I've still got partials out with a few agents. May try a few more. I give a couple handfuls of agents a whirl with each book.

Danita Cahill said...

Oh, and as an aside, I heard from an editor at the Sunday paper today. An essay I wrote will be in this Sunday's edition.

Ah, I do enjoy seeing my byline in bold print. A little sickness I seem to have contracted somewhere...ha!

Karen Duvall said...

I'm with Eli, Danita. I would never send directly to an editor, not these days. Since everyone and their brother, sister and cousin are writing books now because computers have made it so "easy" (snort), publishers are to the point of thinking that if it's not screened by an agent first, it must be crap. Not all are that way, of course. And since there are only 7 major U.S. publishers left, well...

I know you can send unsolicited material directly to Harlequin. As for the others, unsolicited material gets tossed in a slush pile and after collecting cob webs and dust for several months are then read by interns at a pizza party. The odds of getting picked from the pile are less than stellar.
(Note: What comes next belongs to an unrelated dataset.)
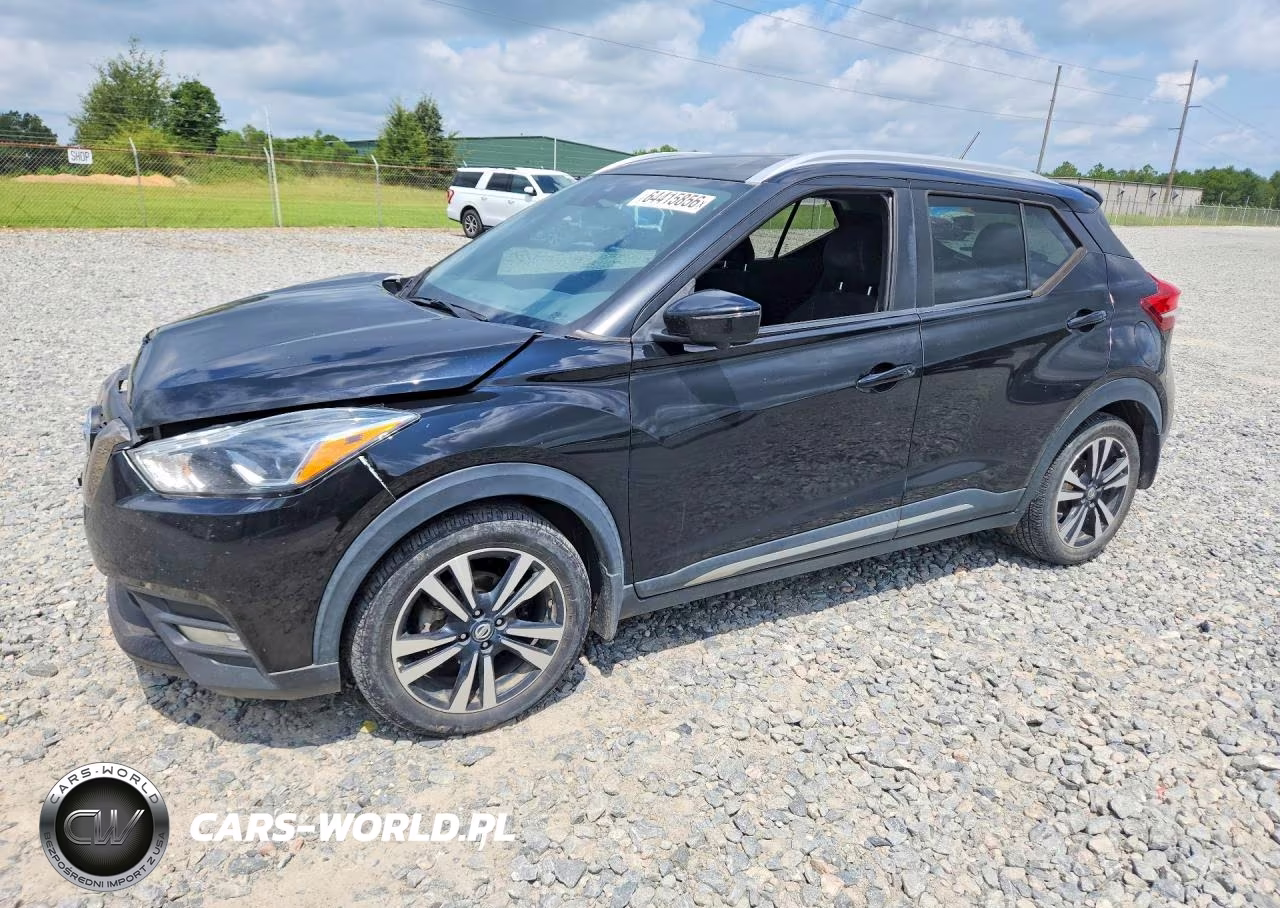 2020 Nissan Kicks Sr VIN:3N1CP5DV6LL516675 - 1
Danita, I'd never be one to tell you what's best, but I'm just sayin'... 8^) Get an agent. Seriously.

Karen Duvall said...

Oh, I forgot to chime in on the query/partial thing. Just do what the guidelines say. It's safer to follow directions rather than risk the wrath of an overworked agent. I'm still waiting to hear back on the partials I sent along with queries to a few agents who wanted both. I know a lot of agents choose not to respond at all if they're not interested, and I think that's just plain rude. But that's how it is.

Danita Cahill said...

So far it's unanymous -- Get an agent Cahill!

The only thing I'd love more than finding a good agent, as far as writing goes, is to find a good editor who loves my work.

Alice Sharpe said...

"The only thing I'd love more than finding a good agent, as far as writing goes, is to find a good editor who loves my work."
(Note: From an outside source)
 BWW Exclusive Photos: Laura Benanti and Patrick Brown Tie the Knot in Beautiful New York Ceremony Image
Danita, one will follow the other.

Don't give up on the agent thing, just keep working your way down your list. One of these people is going to read your stuff, read it again to make sure she understood the digit nibbling part (on the new book) sit up straight and grin ear to ear. Then she'll get on the phone.
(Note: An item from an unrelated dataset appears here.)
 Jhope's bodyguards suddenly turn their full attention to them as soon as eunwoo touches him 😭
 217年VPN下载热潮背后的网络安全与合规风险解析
Maybe she's not the first agent you'd choose, so what? Maybe she's new, maybe she (or he) is tired of reading the same old thing. Who knows?

The editor comes after that.

Danita Cahill said...

This is sort of funny advice coming from you, Alice. You of multi-pub credits under your belt...and no agent.

But I'm off to send some queries to agents now.

Karen Duvall said...

Ah, but Alice is published with the one major publisher that doesn't require agented submissions.

Danita, go to www.querytracker.net

Join and create your own query list, and let querytracker track your submissions for you. I love it! Try it and you'll see what I mean.

Danita Cahill said...

Thanks for the query tracker site, Karen. I remember you mentioning it at the retreat. You also mentioned an agent you thought I should send to -- which I just did, plus another. Both are new.

wavybrains said...

I also haven't submitted directly to editors. Most agents are leary of work that has already been shopped around.

With agents, I kept to their guidelines until I noticed that I always got a full or partial request from those that had the first few pages. Perhaps that means that I suck at query letter writting. So, I enclosed the first five pages on a few additional queries--and lo and behold, more responses! With e-queries though, it is much harder to vary from what they ask for, so I'd keep in mind what format you are submitting in.

wavybrains said...

Oh, and if agent searching is getting you down, I might add that I did over 20 odd queries before I got my first full request. I've done close to 50 agent queries for the YA. I seem to get a full request out of every 10 that I send out. It really does pay off to query very broadly. (Says the one who doesn't actually have an agent :P)

Danita Cahill said...

But you do have some fulls out right now, don't you Wavy?

Thanks for your take on this. Maybe check out the link I sent to the loop about the writer who blanketed both agents and editors with queries -- 32 in a week. And when he got an offer of representation, what did he do?